Women are expected to be a size zero, what is that? Zero is nothing. Women are force fed the notion that they are best when they are nothing. And Hollywood isn't special. It's just a concentrated version of what the rest of society does to women and girls. Keeps us off balance and out of control by constantly making us doubt ourselves. And as we succumb our lives pass us by. And I suggest that this is not an accident. I suggest that there has been created a standard and an unattainable quest that not only keeps women off the task of running their lives and perhaps running the world...
Since that APEC conference back in 2011, there have been more "gap" theories that I can count. I now realize that Sandberg's ability to get attention sparked a much needed public debate about women, as well as a book, Lean In, which has sold over a million copies.
The most recent gap theory is the "Confidence Gap," presented by Kitty Kay and Claire Shipman in their book, The Confidence Code: The Science and Art of Self-Assurance---What Women Should Know. The authors pivot slightly from ambition, focusing on why a lack of confidence is holding women back.
Responses to this argument are plentiful, and many instead point to structural issues such as paid maternity leave and the wage gap. The confidence gap theory has also sparked some discussion of the dichotomy between confidence and likability. The data in Sandberg's Lean In showed that if women are too successful and confident, their likability declines, and they are seen as "bossy," or worse.
But what if the real gap is, instead, a belonging gap?
In a key study focused on how colleges and universities can retain and motivate students, social psychologist and assistant Stanford professor Dr. Gregory Walton found a sense of belonging to have lasting positive effects on minorities.
From a CNN report on his work:
Walton's earlier studies demonstrated that a sense of social belonging can affect motivation and continued persistence, even on impossible tasks...Walton's research has had a particularly dramatic effect on students' achievement, especially for minority students and women in overwhelmingly male-dominated majors, who may suffer from the dreaded minority achievement gap...
From Walton's website:
...when psychological threat was removed from both laboratory and real-world settings, women and minorities performed better than men and non-minorities who had the same prior test scores and grades.
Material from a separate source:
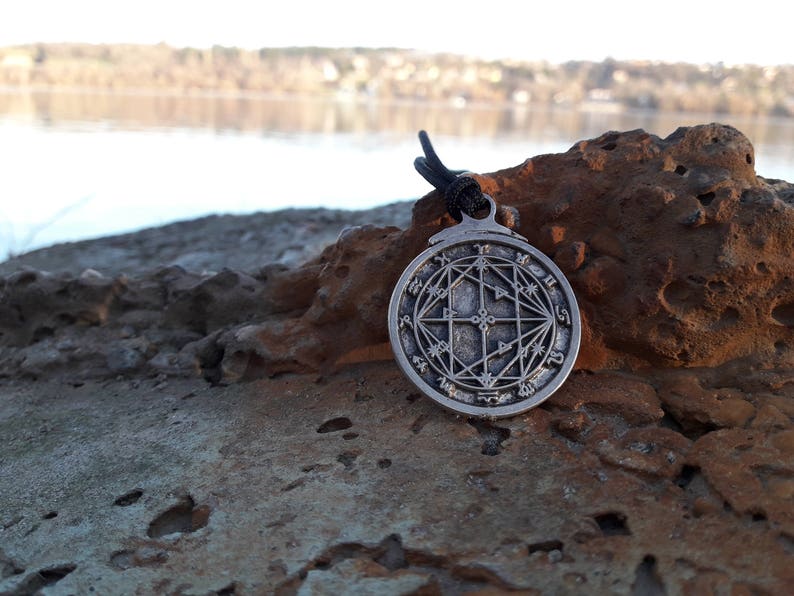 May include: A silver pendant with a circular design featuring a complex geometric pattern and symbols. The pendant is hanging from a black cord and is resting on a rock.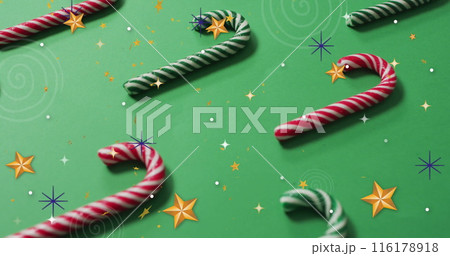 Image of stars over candy canes on green backrgound 116178918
The magnitude of this superior performance -- called the latent ability effect -- indexes the degree to which the prior measures underestimated the true ability of ethnic minorities and women. The size of the effect suggests that most of the gender gap on the SAT-Math test, for instance, and a significant portion of race gaps on the SAT are due to psychological threat....
Governments, businesses and women ought to take note of these findings. Governments with more women are more collaborative. Businesses with more women perform better. Even in the face of stereotypes and structural barriers there just may be one profound solution to our ambition, performance and confidence waning in situations where we don't feel like we fit in.
What if it is true? What if women can regain their ambition and confidence, and moreover, unlock their latent abilities, with a simple sense of belonging?